Au moment où Armstrong foula le
sol lunaire et accomplit ses quelques pas de danse,
Armstrong, vainqueur du 1er
Terre-Lune. Héros planétaire en une seconde. Champion avec tous les honneurs
rien que pour lui. Parce que qui se souvient d’Aldrin, arrivé deuxième, juste
derrière ? Plus personne. C’est comme les places de second de Poulidor, ça
ne compte pas. Je ne parle même pas de Collins, tombé dans les oubliettes pour
être resté confiné en orbite dans sa capsule, cent kilomètres au-dessus.
Accomplir autant de kilomètres pour ne pas poser un orteil sur la lune, faut le
faire. Même pas médaillé de bronze. Rien du tout.
Après vingt-et-une heures passées
dessus (dont une heure et demie à explorer les lieux et collectionner roches et
cailloux), nos trois cosmonautes amerrirent dans l’Océan pacifique. Retour
gagnant. Et dire que l’homme est
allé sur la lune en 1969 et n’a inventé les valises à roulettes (pourtant
bien pratiques) que bien des années plus tard !

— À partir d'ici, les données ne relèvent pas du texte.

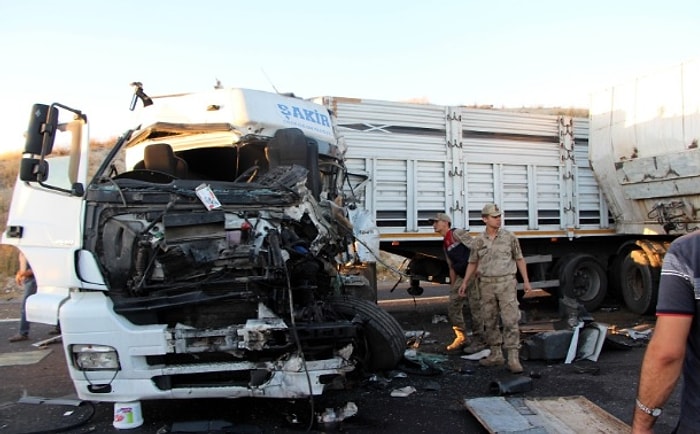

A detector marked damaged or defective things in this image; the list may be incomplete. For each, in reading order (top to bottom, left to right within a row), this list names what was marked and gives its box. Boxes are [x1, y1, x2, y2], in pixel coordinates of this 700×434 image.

wrecked white truck cab [4, 86, 404, 402]
damaged truck front end [4, 88, 404, 404]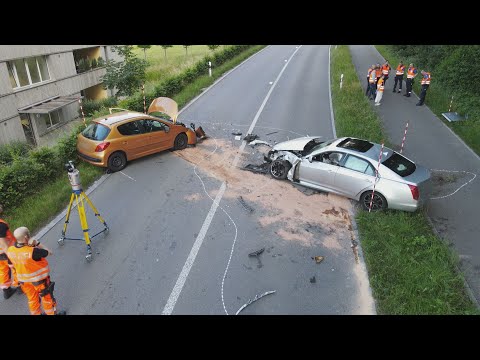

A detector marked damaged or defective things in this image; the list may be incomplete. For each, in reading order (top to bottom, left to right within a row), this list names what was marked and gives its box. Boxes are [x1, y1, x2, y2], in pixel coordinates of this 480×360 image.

damaged silver sedan [266, 137, 432, 211]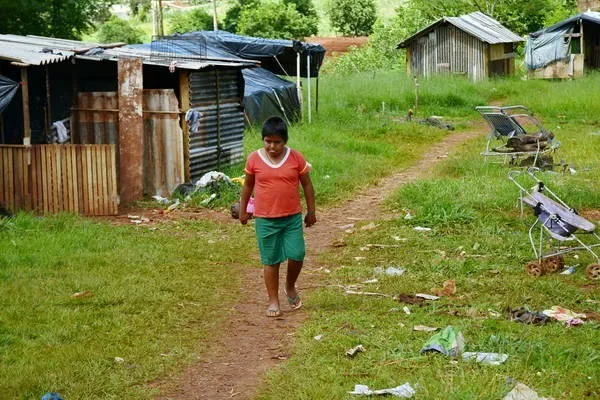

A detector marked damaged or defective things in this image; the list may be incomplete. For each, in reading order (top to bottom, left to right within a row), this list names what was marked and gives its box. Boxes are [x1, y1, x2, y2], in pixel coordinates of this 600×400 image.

La valise à roulettes est peut-être une super invention mais c’est rien
en comparaison avec les trois révolutions qu’on a vécues à la maison en moins
d’un an (et qui ont changé radicalement notre vie quotidienne) : l’installation
du chauffage central, la pose d’une douche dans les toilettes et un peu plus tard :
l’achat d’une machine à laver.
En attendant, le mardi, comme c’est jour de lessive, la cuisine est
envahie (et inondée) de lessiveuses, de baquets et de bassines d’eau. La lourde batteuse blanche (impossible à
traîner) trône au milieu de la pièce, ballottant pendant des heures, le gros
paquet de linge qui bout à l’intérieur. Aussitôt lavé, tu l’essores en le
passant à la manivelle. Il ressort raplapla comme une crêpe. Tout au long de la
journée, je vois bien que tu ne ménages pas ta peine à tremper, frotter et savonner
le linge de corps, à coups de brosse de chiendent et de bloc de savon. A la fin,
tu le torsades vigoureusement avant de le rincer dans de l’eau froide.
L’hiver, le linge pend au
plafond de la cuisine et les draps rêches et amidonnés sèchent dans le grenier.
L’été, lourds d’humidité, ils claquent au vent et s’imprègnent de la fraîcheur
de l’air. Aussitôt qu’ils sont secs, on se met à deux pour les plier. Une
fois on tire, une fois on secoue, une troisième fois on tend avant de
plier après avoir obtenu la largeur souhaitée. Chacun tient son bout de drap
fermement (comme un chien son bout de gras) en espérant déjouer l’attention de
l’autre, histoire que le drap lui échappe
des mains. Quand on réussit, on est pliés en deux.
Dès que tu as travaillé (dans
les assurances), c’est madame Jansen (femme courageuse et dévouée dont tu
louais les services) qui a été chargée de faire la lessive. Quelques heures de
travail en plus pour elle et une corvée en moins pour toi.